La inmersión en estas páginas de estilo depurado es una aventura literaria que parte de un viaje liberador en torno a las andanzas del protagonista y sus cofrades, extraviados en una ciudad devenida en centro de sus anónimas odiseas.

El tema no es nuevo pero el enfoque es original por el manejo del lenguaje, la resonancia mítica y los matices autobiográficos: el protagonista evoca fragmentos de canciones y poemas, describe plazas, calles, estatuas, librerías, museos y fuentes mientras “pasea y dialoga” con Ella, la novia traída al presente en la memoria, y con “el joven de la Calle Desengaño”, un personaje histórico del siglo XIX que estudió en Madrid y se exilió en New York. 

A través de Ella, el autor enlaza la ciudad perdida a la urbe que descubre y lo ignora; con “el joven” mimetiza e idealiza a la Patria, creando una realidad atemporal que confunde los espacios y expresa orfandad y desarraigo, preámbulo de libertad. 

Ese pulso entre el pasado vulnerable y el presente abrumador halla un equilibrio en la esperanza y en la relación entre los personajes, unidos por quimeras y frustraciones comunes, y por una ilusión de futuro.

En 323 páginas y 36 capítulos breves, el creador relata los “descensos”, los escenarios y los personajes que coinciden con Hermes en el Aeropuerto de Barajas, en hostales de Madrid y en otros puntos de la capital española, y de Cancún, Atenas o Creta. 

La travesía es un tapiz a merced del azar y la memoria; los diálogos y las descripciones ―agudas, precisas, poéticas― planean sobre “el duro golpe de dejar su infancia y la adolescencia, levantar el vuelo y verse un hombre al descender”; sorprendido por la lejanía y el frío del invierno: “una sensación tan ignota como la felicidad”.

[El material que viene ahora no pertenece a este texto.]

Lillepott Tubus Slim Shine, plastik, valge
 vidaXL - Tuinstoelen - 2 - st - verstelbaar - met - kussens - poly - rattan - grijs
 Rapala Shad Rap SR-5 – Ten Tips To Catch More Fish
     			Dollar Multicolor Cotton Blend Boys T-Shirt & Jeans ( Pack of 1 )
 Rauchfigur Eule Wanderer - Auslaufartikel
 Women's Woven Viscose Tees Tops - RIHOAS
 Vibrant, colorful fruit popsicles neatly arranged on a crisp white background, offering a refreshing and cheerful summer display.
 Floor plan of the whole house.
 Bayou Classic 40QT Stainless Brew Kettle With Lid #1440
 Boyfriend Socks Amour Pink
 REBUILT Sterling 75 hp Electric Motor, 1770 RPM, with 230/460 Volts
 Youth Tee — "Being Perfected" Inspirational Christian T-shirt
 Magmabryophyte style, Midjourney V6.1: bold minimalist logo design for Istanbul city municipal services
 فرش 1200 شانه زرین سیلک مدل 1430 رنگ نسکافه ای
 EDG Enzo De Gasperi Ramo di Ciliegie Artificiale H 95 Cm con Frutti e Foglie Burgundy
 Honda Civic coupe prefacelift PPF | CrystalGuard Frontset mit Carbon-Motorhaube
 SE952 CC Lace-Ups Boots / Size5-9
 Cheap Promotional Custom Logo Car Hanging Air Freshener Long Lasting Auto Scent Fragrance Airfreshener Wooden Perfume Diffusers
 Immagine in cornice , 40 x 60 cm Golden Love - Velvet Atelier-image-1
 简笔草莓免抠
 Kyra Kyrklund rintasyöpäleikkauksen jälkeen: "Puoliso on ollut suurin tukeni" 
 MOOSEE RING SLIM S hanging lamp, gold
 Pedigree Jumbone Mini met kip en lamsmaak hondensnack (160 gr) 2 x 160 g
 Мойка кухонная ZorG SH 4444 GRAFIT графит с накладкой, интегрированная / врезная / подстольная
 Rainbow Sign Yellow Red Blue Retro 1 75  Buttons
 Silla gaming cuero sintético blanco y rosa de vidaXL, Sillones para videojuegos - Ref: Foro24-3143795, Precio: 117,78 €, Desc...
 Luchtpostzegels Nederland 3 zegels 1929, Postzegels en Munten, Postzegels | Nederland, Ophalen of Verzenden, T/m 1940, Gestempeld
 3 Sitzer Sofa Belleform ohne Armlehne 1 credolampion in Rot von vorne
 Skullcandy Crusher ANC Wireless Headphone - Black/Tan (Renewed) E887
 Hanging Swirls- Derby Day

No todo es un intento de fuga en ese tablero inédito. Para el protagonista, “vagar por una ciudad desconocida es un viaje al interior humano. Las calles, las plazas, los transeúntes se convierten en nuevos vocablos…, pueden ser la compañía ideal del exiliado”. Incluso la nieve, que fascina a los cubanos porque “tiene todo lo que anhelamos y no conseguimos: delicadeza, albura, frescor, gracilidad”.

Y Hermes, sin otra tutela que la propia, vende carteles para un puticlub nocturno de la Gran Vía, “su hogar transitorio” porque Madrid es “un aquelarre interminable” donde “vibraba un mundo de sombras y personajes tristes”, como la chica de Albania que ejerce “el oficio más antiguo” y le lee las Cartas del Tarot.

El autor retrata a esos cubanos sin Cuba “que ocultan sus rostros en la prisa” y sobreviven en la espera: Damián, Andrés, Yasiel, Yaramí, Marta, Magali, Zurelis, Abel, y Carlos Manuel, “el cubanito que nadie traga”, pero es vital por la gestión de pasaportes y boletos de avión. 

Todos han tomado conciencia existencial, saben que “viven una experiencia extraordinaria” y cada uno anhela, como el poeta Juan Clemente Zenea, “otra patria, otro siglo y otros hombres”.

Ese puñado de cubanos son el núcleo de la ficción; los une el riesgo de ser deportados y la necesidad de crear una nueva historia. Los rigores de cada día acentúan el aprendizaje y la madurez personal, pues saben que “escapar es un acto de rebelión” y que “la libertad no puede ser… un ente vacío que vaga como el humo. Debe tener ciertas velas, timón y timonel… su moral y su ética”. 

Hay un paralelo sutil entre Hermes, protagonista de Siempre es bueno verte, y Humphrey Weyden, el alter ego de Jack London en The Sea-Wolf, el joven náufrago que “absorbió la negrura acumulada en el corazón de Wolf Larsen”, el capitán terrible que aporta a “su carácter cándido una honda dimensión”. Si bien Hermes no es un náufrago ni navega por el Pacífico, sino por las calles de Madrid en busca de un sueño: llegar a Miami, la “tierra prometida” de la diáspora cubana.

En esta obra “colmada de empeños y desarraigo”, hay pasajes emotivos, pero no hay un final feliz. El autor, como el tiempo, sacude las certezas, busca las claves en el futuro y otea la libertad, palpable en estas páginas de visión cosmopolita, llenas de caídas, paisajes en movimiento e invención.

Con Siempre es bueno verte, Sergio de los Reyes se suma al inventario de éxodos y autores que reescriben, desde otra perspectiva y matices, las circunstancias del aluvión de cubanos que partieron al exilio, epicentro de esa literatura insular de carácter transoceánico desde fines del siglo XX.